Folha de S. Paulo


Tráfico volta a assombrar cidade colombiana de Medellín

"Eu só preciso de mais um dia, não tenho como carregar tudo hoje."

Lucía tem 59 anos e precisa cumprir a decisão de Oscar, chefe do quarteirão onde mora, na favela de Santo Domingo Savio, em Medellín.

Seu sobrinho, Miguel, havia ultrapassado uma "fronteira invisível", como são conhecidas as linhas traçadas pelos bandos de narcotráfico que atuam hoje na área. Agora, toda a família precisa ir embora da comunidade.

Oscar a escuta com paciência, mas diz que eles precisam sair agora. "Na época de Pablo Escobar não era assim, os traficantes ajudavam a comunidade, agora nos aterrorizam com extorsões e expulsões" disse Lucía à Folha.

"Eu sei que é duro expulsar uma família que talvez não tenha para onde ir, mas minha função é cuidar dessa fronteira, esse menino tem conexões fora daqui, estava trazendo confusão", explica Oscar (nenhum dos dois quis dar o sobrenome).

Luis Eduardo Noriega/Efe
Soldado patrulha as ruas da Comuna 13,um dos bairros violentos de Medellín
Soldado patrulha as ruas da Comuna 13,um dos bairros violentos de Medellín

"A atividade se adapta.
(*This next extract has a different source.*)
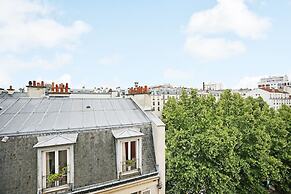 Grand Hotel Francais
O governo foi para cima dos cartéis, então passamos a atuar em "combos" [pequenos grupos]. O Estado se infiltra e os desmonta quando pode, mas sempre encontramos uma maneira de armar uma nova estrutura a partir da brecha que deixam."

Oscar lidera uma dessas agrupações, formadas após a diluição dos grandes cartéis colombianos nos anos 90, o de Medellín e o de Cali. Enquanto a reportagem da Folha conversava com ele, um policial observava do outro lado da rua. "Está tudo certo. Ele sabe quem eu sou, mas não se mete enquanto não ultrapassarmos nossa fronteira", explica Oscar.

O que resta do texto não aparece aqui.